Pearce credits his father, Albert Arthur Pearce, to whom he has dedicated the book, with having the greatest influence on him in his younger days. His father, a carpenter and autodidact, loved his country — he could quote reams of Shakespeare and other English poets — and lamented both the decline of the British Empire and the tide of immigrants that swept into Britain beginning in the 1950s. Arthur Pearce was the sort of man who could love individual Irishmen while loathing the Irish as a whole, and he passed this point of view to his son.
As he moved beyond adolescence, Pearce became more involved in various protests against immigrants. He founded a magazine for young Britains of similar ilk, The Bulldog, and so began what seemed at the time a career as a radical right-winger. He was arrested for fighting in pitched battles and counter-demonstrations, rose in the ranks of the National Front as a spokesman for their nationalistic ideas, and organized various rock concerts involving skinheads and punk bands to raise money and to protest Britain’s left-wing politicians. Eventually, Pearce was arrested and jailed twice for exacerbating racism in Britain.
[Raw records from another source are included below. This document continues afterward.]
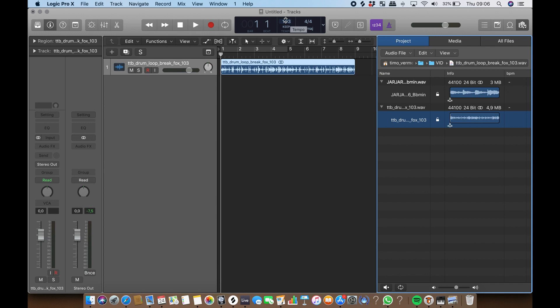As you can see, the drum loop I just imported is 103 BPM and the project is now set to 103 BPM as well.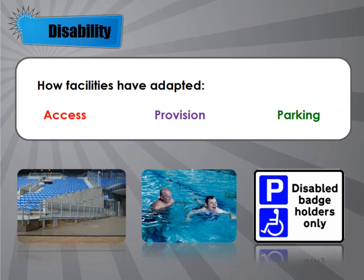The other thing to be aware of is how facilities have adapted. Normal leisure centres and gyms have had to adapt themselves to allow disabled people to take part. In terms of access, lots of facilities now have wider doorways and wheelchair ramps to allow people with wheelchairs to get in and encourage disabled people to take part in sport. In terms of provision, lots of leisure centres now have wheelchair lifts or normal lifts, so the whole facility is accessible.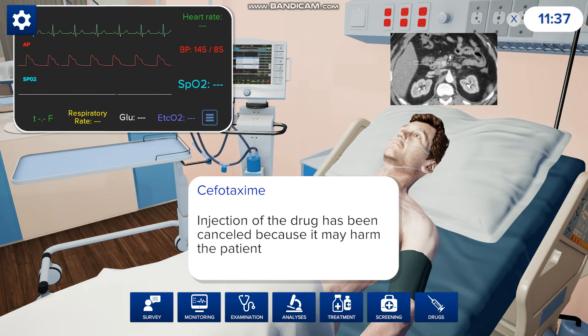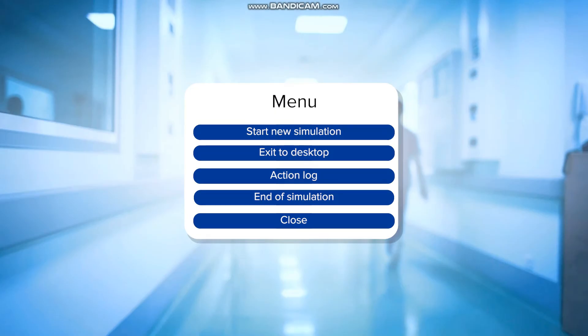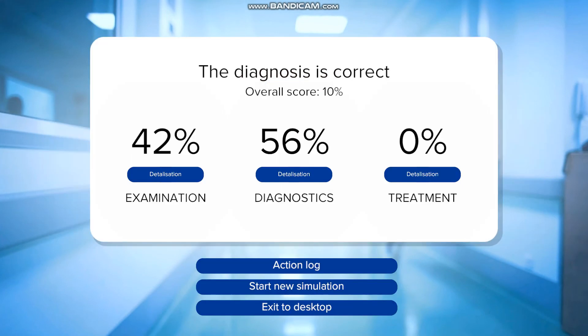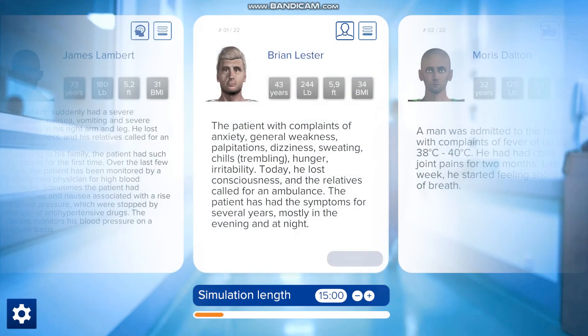Once you're finished with the examination, it can either take you the full 15 minutes or you can stop early if you have a diagnosis. You can go to the cogwheel in the top left corner and press end simulation. That's going to bring you to a screen where you choose your diagnosis — in this case it was hypoglycemia, and my diagnosis was correct. It will also give you a percentage of how well you did: I did 42% of the examination, 56% of the proper diagnosis, and I didn't do anything to treat hypoglycemia. Once you've finished that, you just press start the simulation and you can pick anything else that you want.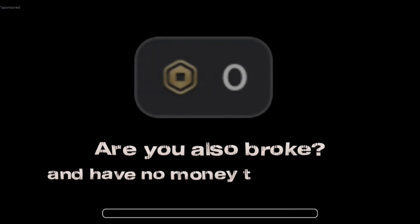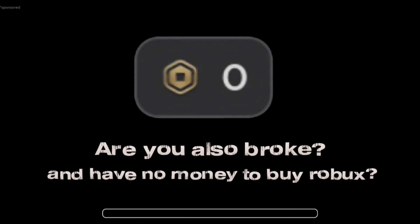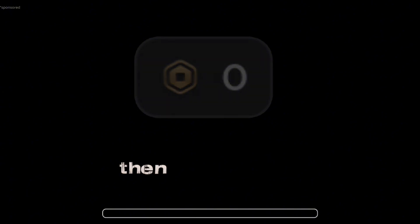Are you also broke and have no money to buy Robux? Then don't worry! Mommy's got you covered!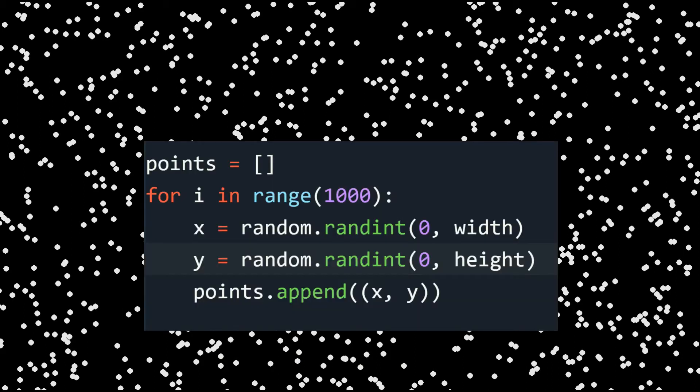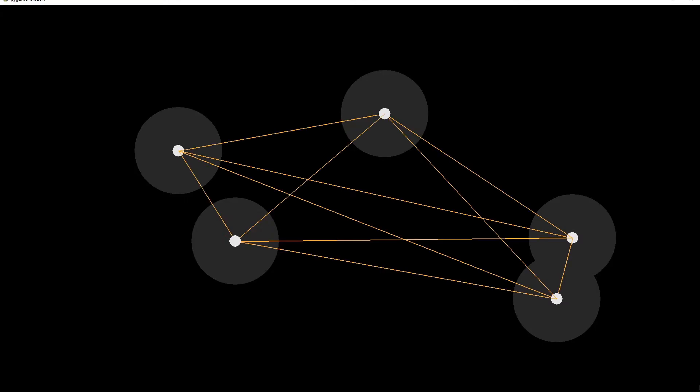Let's say you want to generate random points on the screen just by using a random function. As you can see, the problem here is that some points are overlapping each other and the distribution is not efficient. We can get around this issue by checking each new point — if it's within the radius of any existing point, we just remove it, and we do it again and again until there's no space left. This is a brute-force way of doing Poisson Disk Sampling and it's inefficient and really slow.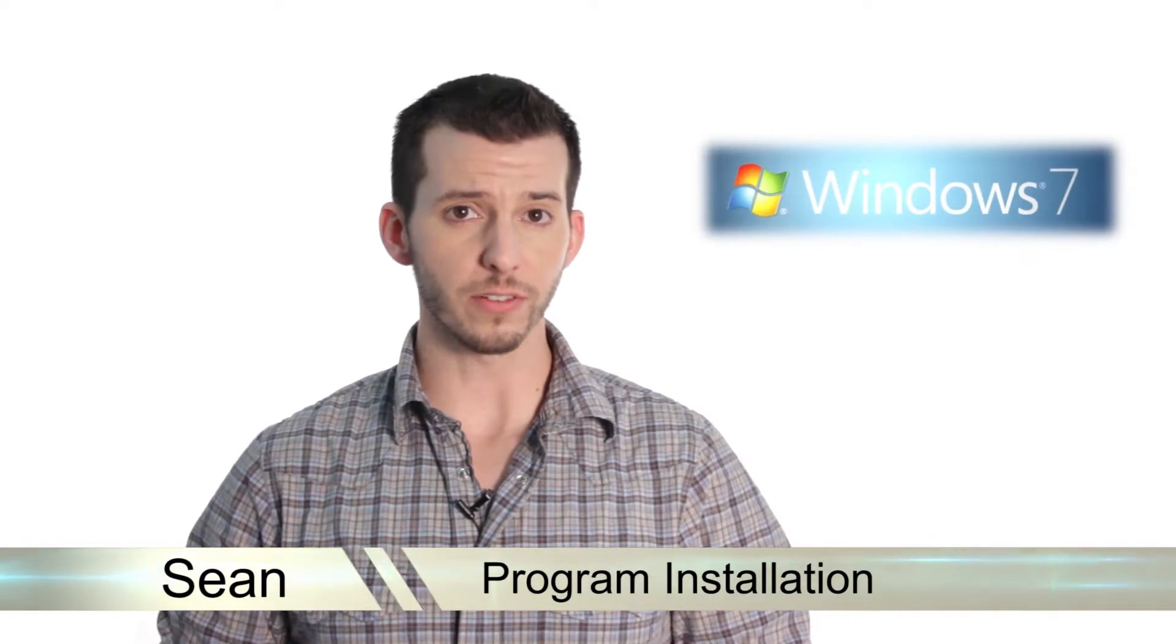Hey guys, Sean here at Mahalo.com and in today's lesson I'm going to show you everything you need to know about installing programs in Windows 7.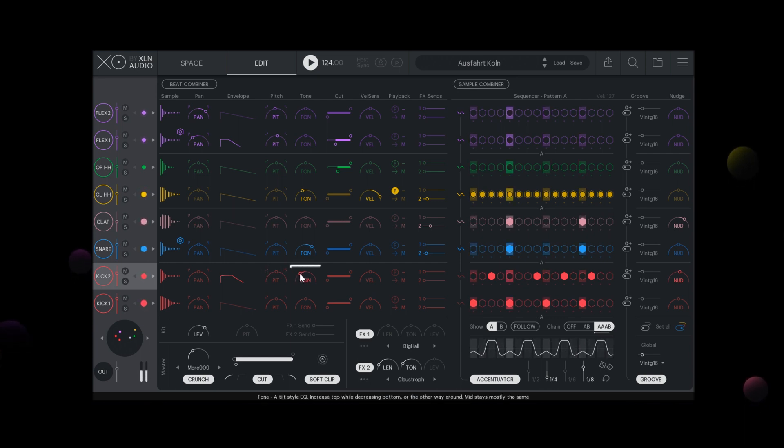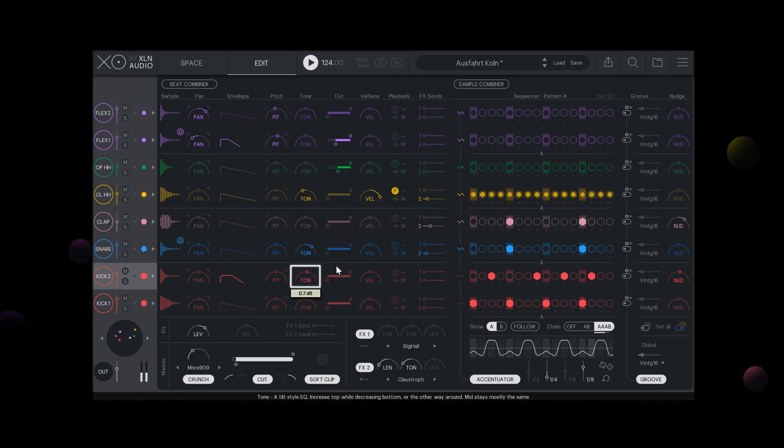Tone is a tilt style EQ that increases top frequencies while decreasing the bottom or the other way around.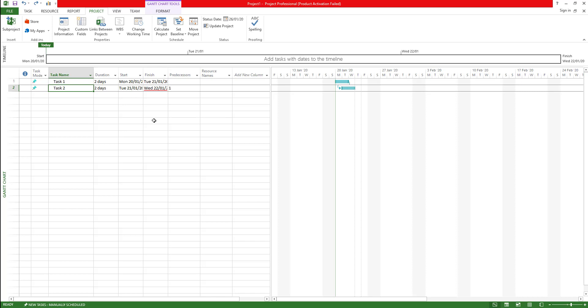With the WBS what happens is you actually create a sort of unique code for each of those tasks so you can actually identify it. Whenever you send an email you can include that code in the project statement or in the email subject so people can understand which exactly the task that you're referring to.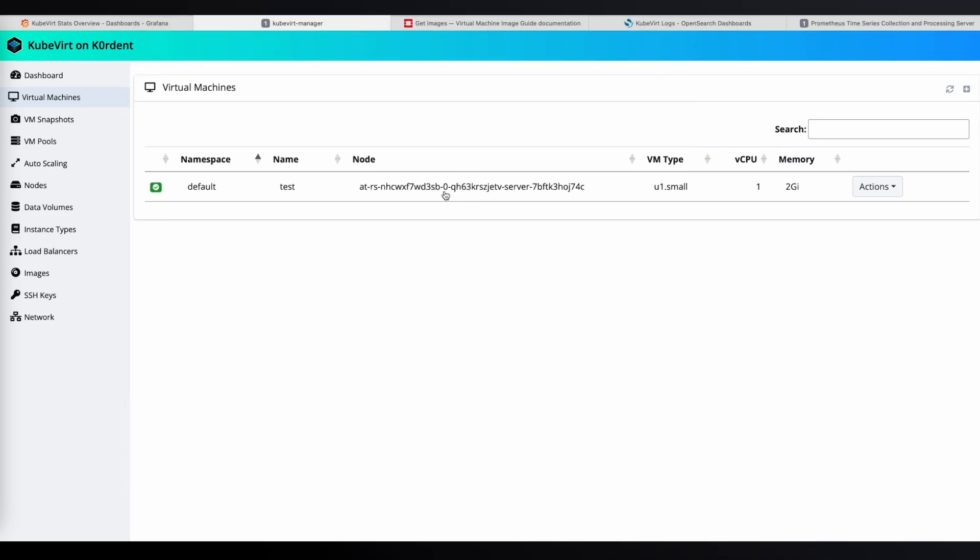Now, let's check which node our VM is running on. We can see it's node 0. Now, let's migrate the VM to a different node by simply clicking the forward arrow icon.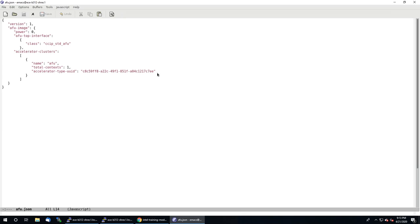By the way, if at any point you see me run some command from the command line and it doesn't work for you, it likely means that you don't have OPI installed correctly or you don't have the environment variables configured correctly. For all of my videos, I'm assuming you already have OPI installed and all your environment variables configured appropriately.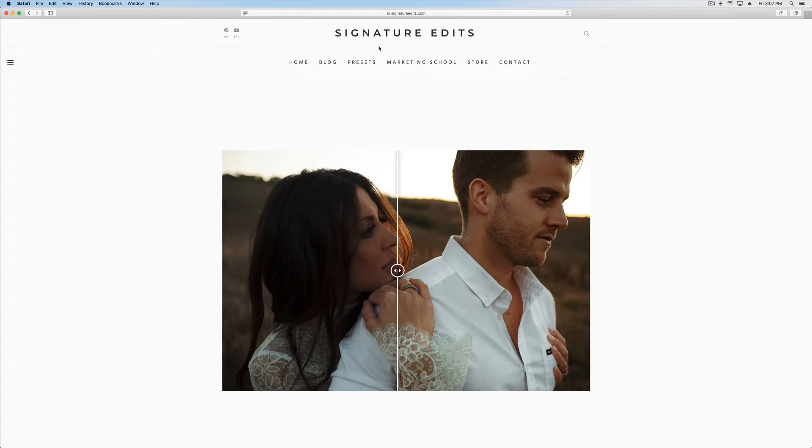Hey guys, Ryan here at Signature Edits. Thank you so much for purchasing your new presets. I'm going to show you how to install them and get started.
In his first stint in jail in 1982, Pearce remained defiant in his stance toward multiculturalism. He writes that “I was at war with Britain’s multi-racial society, working tirelessly to bring it to its knees through the incitement of a race war from which the National Front would emerge, phoenix-like, from the ashes.” Both then and on his release, he saw himself as a “political soldier” and a “political prisoner.”
In 1985, when he was again sentenced to jail, Pearce began to undergo that massive transformation of the heart and mind which would eventually lead him into the Catholic Church and a vocation for writing spiritual biographies.
Even before entering prison this second time, Pearce, like so many others who have undergone spiritual conversions, fell under the spell of books and writers. He began reading G.K. Chesterton’s essays on “distributism,” which advocates an economy based on many small businesses rather than on corporations. As he read more, Pearce realized that this idea was in harmony with another economic idea found in the Catholic Church, the idea of subsidiary which links distributism with the importance of the family. Intrigued, Pearce proceeded to pick up other Chesterton books, and found there a man of wit and wisdom who had found joy in his faith. Like C.S. Lewis, who once wrote of Chesterton that “a young man who wishes to remain a sound Atheist cannot be too careful of his reading,” Pearce found himself drawn closer and closer to Christian beliefs.
The final third of Race With The Devil outlines Pearce’s time in prison and his break with the National Front in the year after his release. He continued his reading — Chesterton, Lewis, and Tolkien were some of his favorites — and deepened his prayer life. After years of struggle, he gained a foothold as a Catholic biographer. He also met his wife, an American, Susannah, and began teaching at various Catholic colleges to make the money needed for children and a marriage.
Today Pearce is a highly-respected author and teacher living near Greenville, S.C. He serves as guest lecturer at various schools — his courses on Tolkien and The Lord of the Rings are especially popular — continues to write books, and has created a series of televised talks for mass distribution. He has gained a good amount of renown for his biographies of authors like Belloc, Shakespeare, Chesterton, and Tolkien.
But perhaps his best biography and great gift to the world is the one he wrote about himself.
Race With The Devil: My Journey from Racial Hatred to Rational Love by Joseph Pearce. Saint Benedict Press, 2013. 264 pages.